Er sitzt jetzt neben mir, wir beide warten. Als ich keine Panikattacke bekomme, rutscht er dichter heran und lehnt sich neben mir ans Kopfteil.
Ich wische mir die Augen und bewege mich absolut nicht, als er langsam und vorsichtig einen Arm um meine Schultern legt. Niemand von uns bewegt sich. Meine tiefen, bewussten Atemzüge wirken laut in dem stillen Zimmer, doch ihn scheint das nicht zu stören. Wir sitzen da, und während die Minuten vergehen, bewege ich mich vorsichtig, bis ich mich zu ihm gedreht habe, mein Ohr an seine Brust über seinem Herzschlag gedrückt ist. Sein Griff um mich wird fester und ich schaffe es, weiterzuatmen.
Er hebt die andere Hand und streichelt abwesend mein Haar. „Es tut mir so verdammt leid, Allie“, sagt er.
Ich nicke gegen seine Brust. „Mir auch“, flüstere ich, fast fürchte ich mich, die Stille im Zimmer zu durchbrechen. „Aber ich bin wirklich froh, dass du hier bist.“
„Und ich werde nirgendwo hingehen. Ich bleibe so lange, wie du mich brauchst.“
Ich verbringe den Morgen mit Julio und zum ersten Mal seit dem Übergriff habe ich das Gefühl, wieder atmen zu können. Er sagt mir, dass er die ganze Woche bleiben wird. Länger, wenn ich es brauche. Er hat es schon mit seinen Eltern und Lehrern abgesprochen, und er kann im Gästezimmer unseres Poolhauses bleiben. Es gibt viele leere Zimmer im Haupthaus, in denen er bleiben könnte, aber er scheint mit dem Poolhaus zufrieden zu sein, also stelle ich das nicht infrage. Es hat wahrscheinlich damit zu tun, dass sich Gerald wie Gerald benimmt. Ich bin überrascht, dass er Julio den Besuch überhaupt gestattet hat, also werde ich nichts sagen, dass die Sache gefährden könnte.

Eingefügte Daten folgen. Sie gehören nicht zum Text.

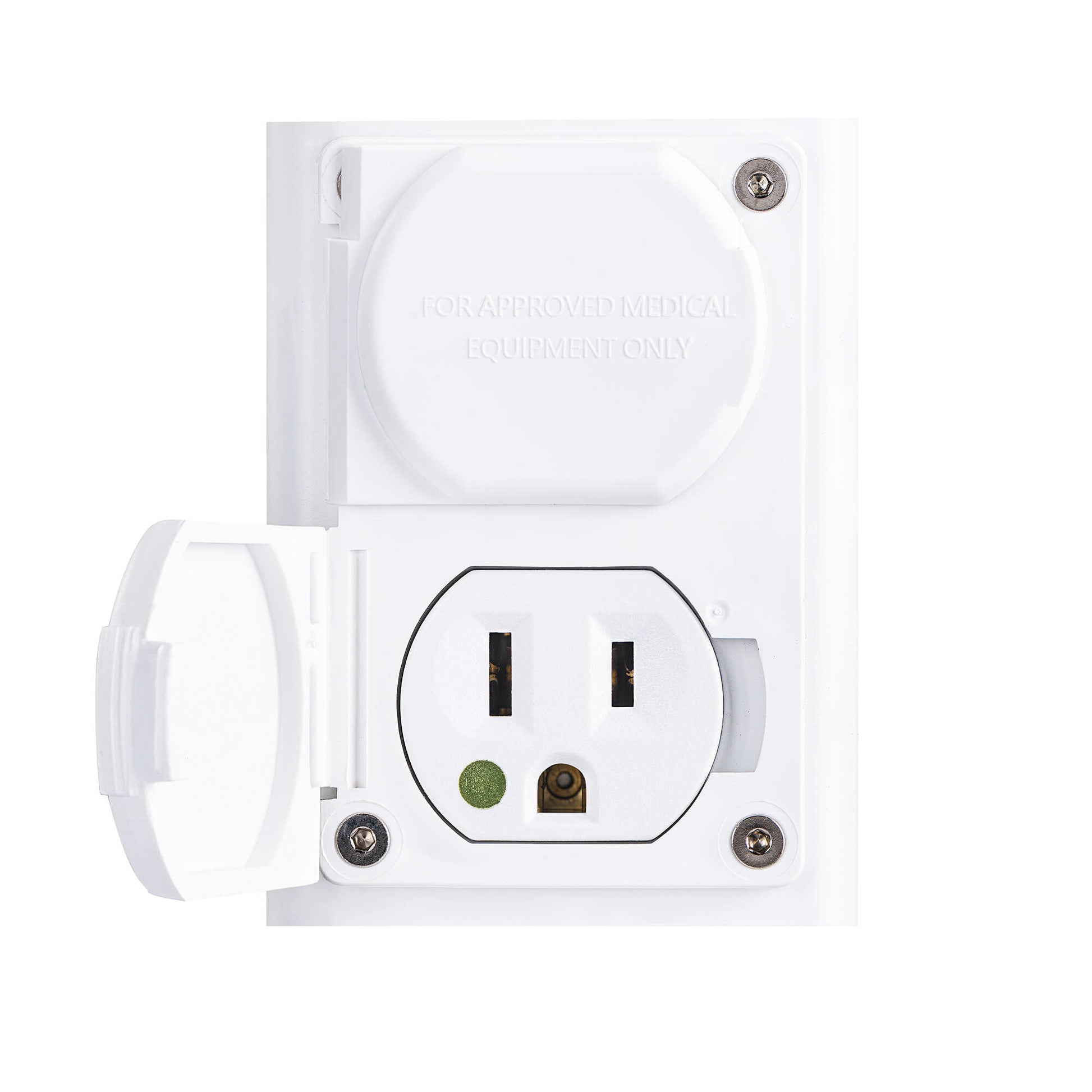 CyberPower MPV615P surge protector White 6 AC outlet(s) 100 - 125 V 181.1" (4.6 m)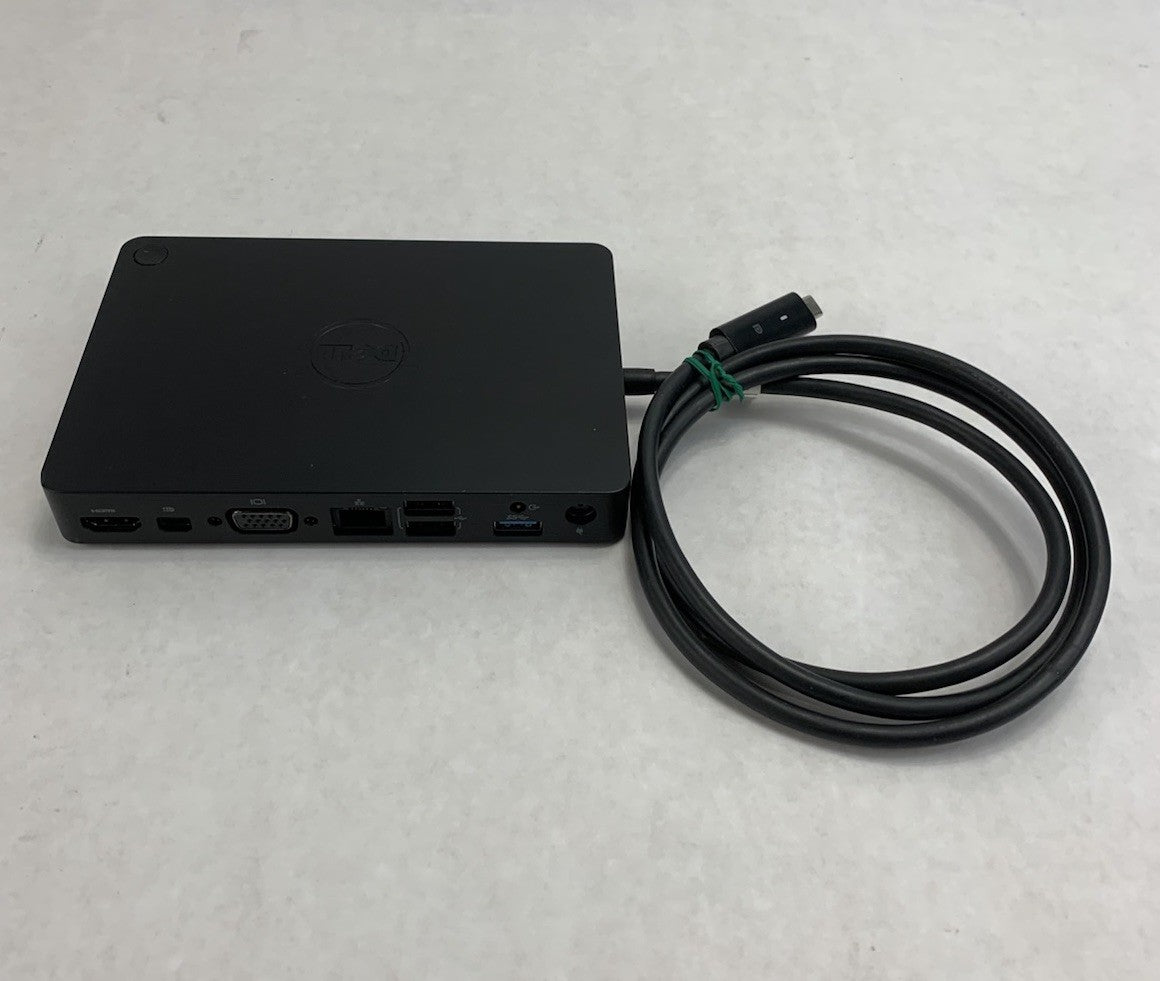 Dell WD15 K17A001 USB-C Docking Station No AC Adapter (Lot of 4)4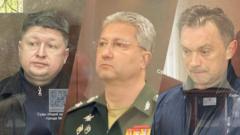 Сергей Бородин, Тимур Иванов и Александр Фомин проходят по делу о взятке 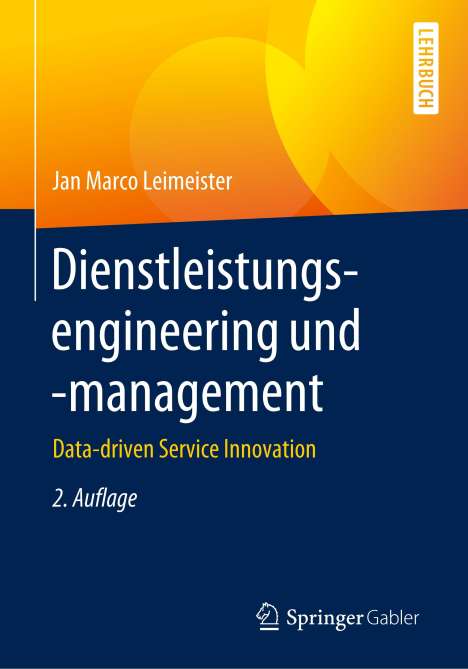 Jan Marco Leimeister: Dienstleistungsengineering und -management, Buch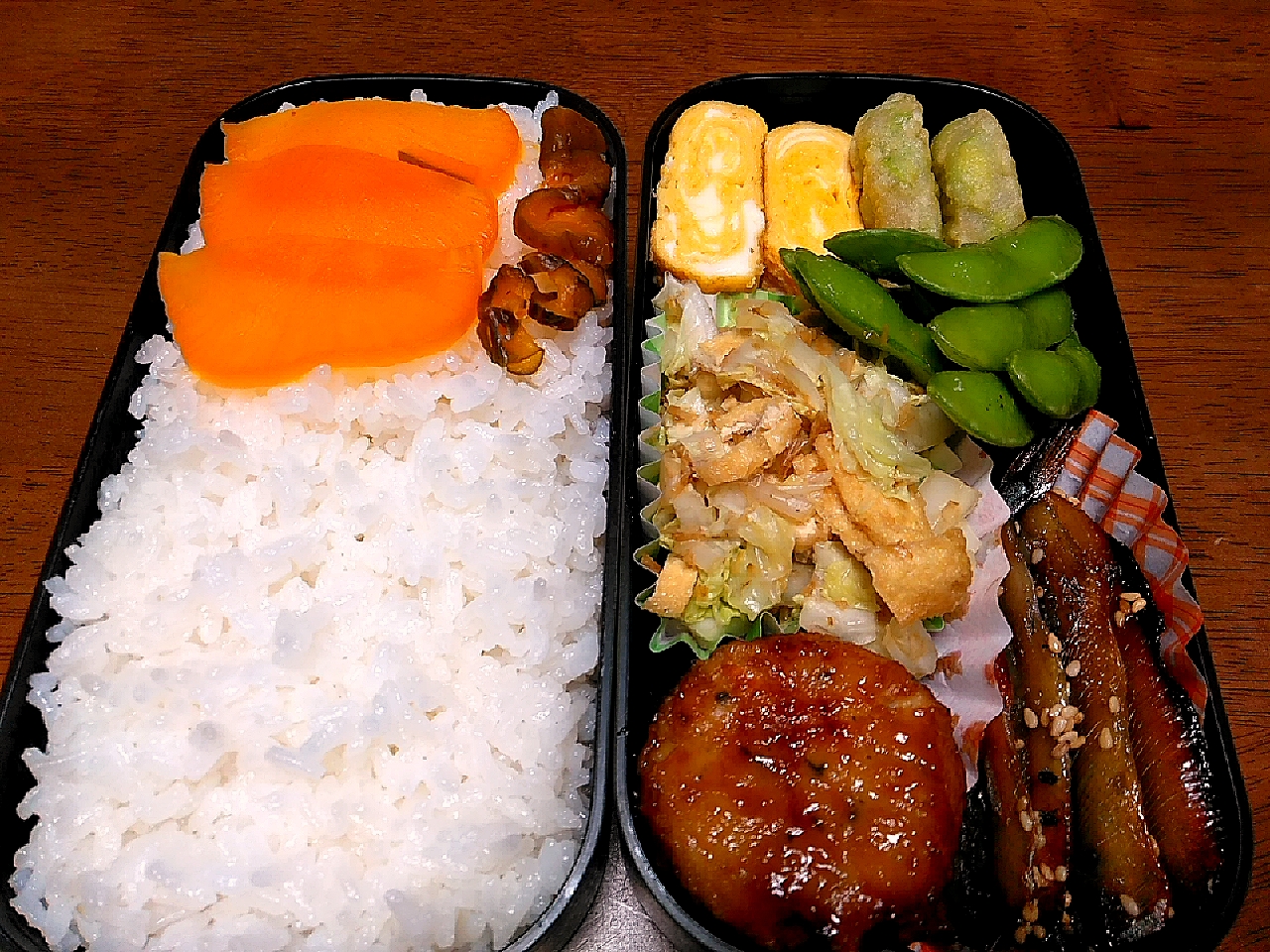 息子のお弁当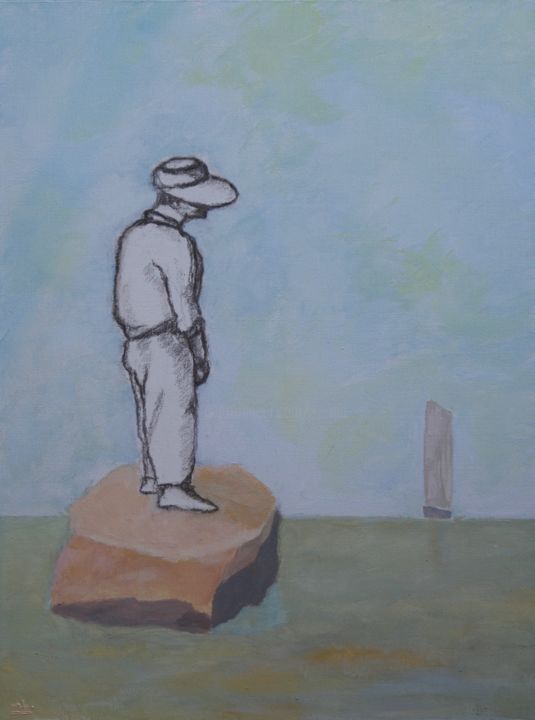 ANTHROPO 8 绘画, 15.8x11.8 in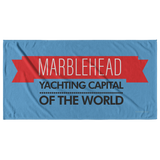 Marblehead - Yachting Capital of the World Beach - Towel v3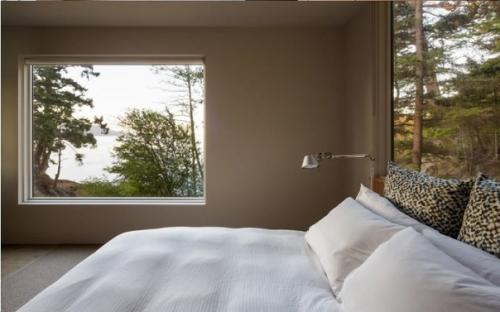 Подсмотрела в одном из журналов проект дома, построенного на острове оркас в штате Вашингтон от архитектурного бюро Heliotrope Architects. 06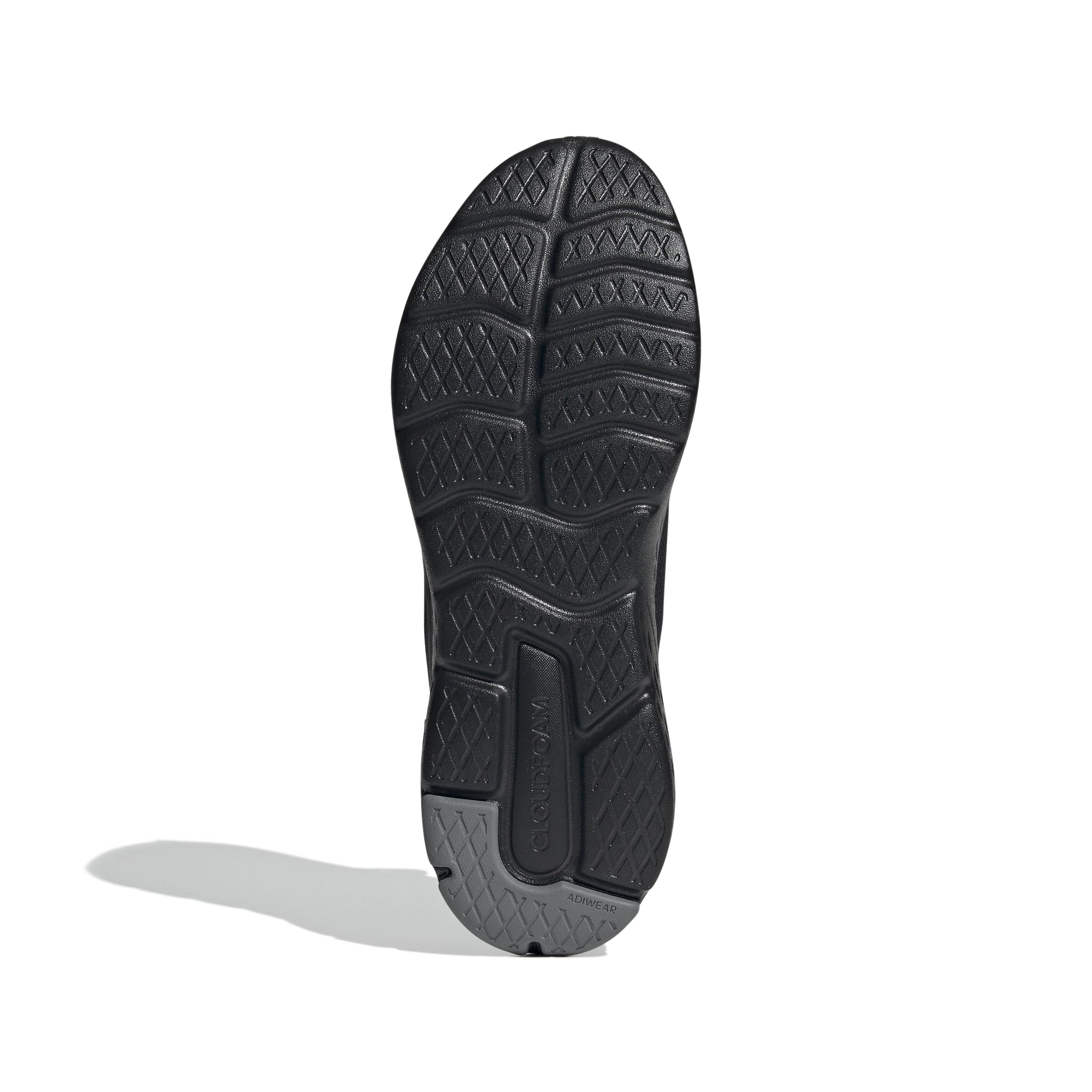 Adidas Herren Cloudfoam Move Sock Shoes, core Black/core Black/Lucid Blue, 40 EU 7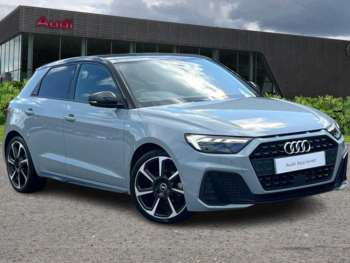 2021 - 30 TFSI 110 Black Edition 5dr S Tronic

Ich bin froh, dass Julio hier ist. Ich habe ihn vermisst. Wie sehr, ist mir erst klar geworden, seitdem er hier ist.
Julio erzählt mir von den Bedingungen seines Aufenthaltes. Er wird mit mir zur Schule gehen. Ich weiß nicht, wie, aber Janessa hat ihn als Gastschüler angemeldet. Ich nehme an, der Plan sieht vor, dass er in der ersten Woche alle Kurse mit mir besucht, sodass ich das nicht allein schaffen muss.
Ich weiß immer noch nicht, ob es eine gute Idee ist, zurück zur Schule zu gehen. Aber als ich die Möglichkeit einer externen Prüfung aufgebracht habe, hat Janessa die Idee sofort abgewiesen und gesagt, dass ich das gar nicht erst mit meinem Vater besprechen müsse. Alles, das keinem offiziellen Highschool-Abschluss entspricht, würde bedeuten, dass ich von Elite-Universitäten nicht angenommen werden würde. Nicht, dass ich mich persönlich bei einer diese Unis bewerben würde, aber Janessa scheint zu glauben, dass ich auf eine gehen werde. Die Vorstellung, auf die Uni zu gehen, kommt mir so unwahrscheinlich vor, dass ich nicht einmal darüber nachdenke. Ich hatte immer vor, zuerst zwei Jahre das Communitycollege zu besuchen. Das ist das Einzige, das ich mir halbwegs leisten kann, aber das sage ich ihr nicht. Im Moment will ich mich einfach nur aufs Heute konzentrieren. Und vielleicht auf morgen. Alles, was danach kommt, ist zu viel.
Am nächsten Morgen, als mein Wecker klingelt, zwinge ich mich, das Bett zu verlassen. Der Druck auf meiner Brust, den ich seit dem Übergriff verspüre, ist weniger geworden. Er ist immer noch da, aber heute ist er erträglich.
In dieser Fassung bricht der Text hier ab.